Courts have a number of implied powers necessary to manage their own
affairs and achieve the orderly and expeditious disposition of cases. Chambers v.
NASCO, Inc., 501 U.S. 32, 43 (1991). These inherent powers include the
imposition of sanctions for the willful disobedience of a court order or when a
party has acted in bad faith, vexatiously, wantonly, or for oppressive reasons.
Alyeska Pipeline Serv. Co. v. Wilderness Soc’y, 421 U.S. 240, 258–59 (1975).
Sanctions may include outright dismissal of a lawsuit and assessment of attorney’s
fees. See Chambers, 501 U.S. at 45 (“outright dismissal of a lawsuit… is a
particularly severe sanction, yet is within the court’s discretion.” Inherent powers
must be exercised with restraint and discretion, and a primary aspect of that
discretion is the ability to fashion an appropriate sanction for conduct which abuses
the judicial process.

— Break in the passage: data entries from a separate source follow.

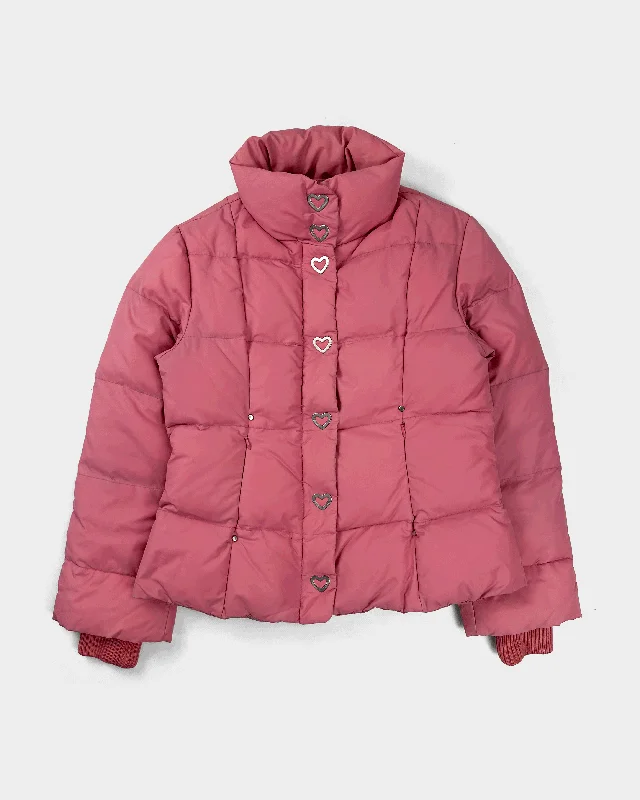 Moschino Silver Hearts Pink Puffer Jacket 2000's Wool Fabric Cashmere Fabric Tweed Fabric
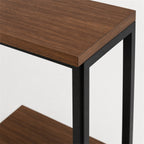Walnut C-Shaped Sofa Table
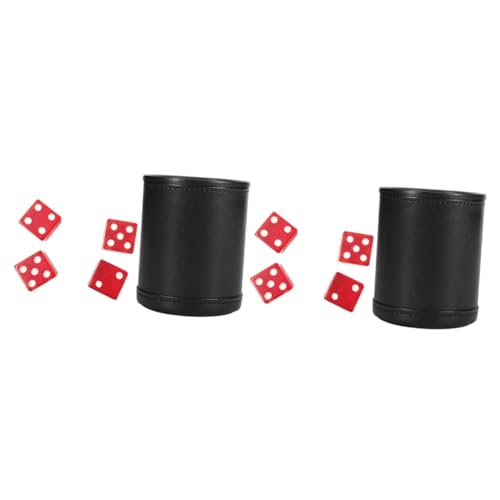 BESTonZON 2 STK Spiel Würfelbecher tabsy brettspiel Ludo brettspiel filzgefütterter Würfelbecher Vintage Würfelbecher Würfel Aufbewahrungsbecher Würfelbecher aus Kunstleder Black von BESTonZON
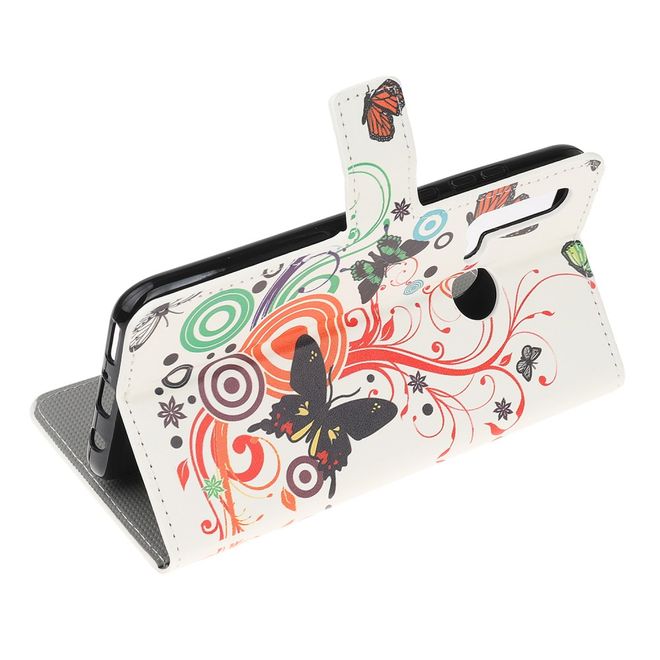 Huawei P20 Lite (2019) Handy Hülle - Leder Bookcover Image Series - Schmetterlinge und Kreise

Chambers, 501 U.S. at 44-45.
Plaintiff attempts to justify the recording of the Board discussions after he
left by arguing that he, as a Board member, was entitled to listen to and participate
in Board meetings and that his behavior can be likened to “taking detailed notes.”

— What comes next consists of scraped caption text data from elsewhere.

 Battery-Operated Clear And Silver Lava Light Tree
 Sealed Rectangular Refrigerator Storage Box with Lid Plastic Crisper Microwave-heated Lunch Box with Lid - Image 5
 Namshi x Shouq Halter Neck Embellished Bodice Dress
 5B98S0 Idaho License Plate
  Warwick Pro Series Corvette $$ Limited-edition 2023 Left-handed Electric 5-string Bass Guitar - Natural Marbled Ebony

This justification is belied by the concealed nature of the recordings, the
nondisclosure of the recordings by Plaintiff to the Board, and the disclosure to
Smith and counsel for Plaintiff and Smith for use in Smith’s lawsuit. Plaintiff’s
motivation for recording these meetings is clear: Plaintiff was attempting to gain
information that related to a conflict of interest between him as a Board member
and the romantic partner of an employee of MEC whose interests he was
advocating. Plaintiff has failed to provide good cause for his secretly recording
conversations between MEC and its attorney of which he was the topic of
Moreover, the Court has considered the conduct of Plaintiff since the
recordings. Plaintiff did not disclose to MEC that he had recorded these privileged
conversations. Plaintiff encouraged Smith to listen to the conversations regarding
the relationship between Plaintiff and Smith and how it affected Plaintiff’s duties
as a member of the Board and loyalty to the Board. Plaintiff shared information
that he knew to be confidential in nature with the attorney for both Smith and
Plaintiff in their planning and actions against the Board. The Court finds that
Plaintiff has acted in bad faith. The failure to recognize the significance of
surreptitiously taping private, confidential attorney-client conversations further
demonstrates this bad faith. It is clear that Plaintiff has engaged in bad-faith
conduct intended to abuse the judicial process and harass Defendants.
The Court considered the range of sanctions available under its inherent
authority, including monetary sanctions, attorney’s fees, and striking of pleadings.
Although the Court is reluctant to impose the severest of sanctions in the form of
dismissal of the lawsuit with prejudice, it must also consider the extent to which
Plaintiff continued taping and then used the tapes to gain an extremely unfair
advantage over the Board. The Court concludes that dismissal with prejudice is
the appropriate sanction.
IT IS HEREBY ORDERED that based on Plaintiff’s repeated willful
interception of attorney-client conversations over an extended period of time and
the improper use of his position as a Board member of the disclosure of a
privileged communication, this matter is DISMISSED WITH PREJUDICE
under the Court’s inherent authority to impose sanctions. Attorneys’ fees will not
be assessed against Plaintiff.
IT IS FURTHER ORDERED that all pending motions are DENIED as
A separate Order of Dismissal shall accompany this Memorandum and
Dated this 11th day of September, 2018.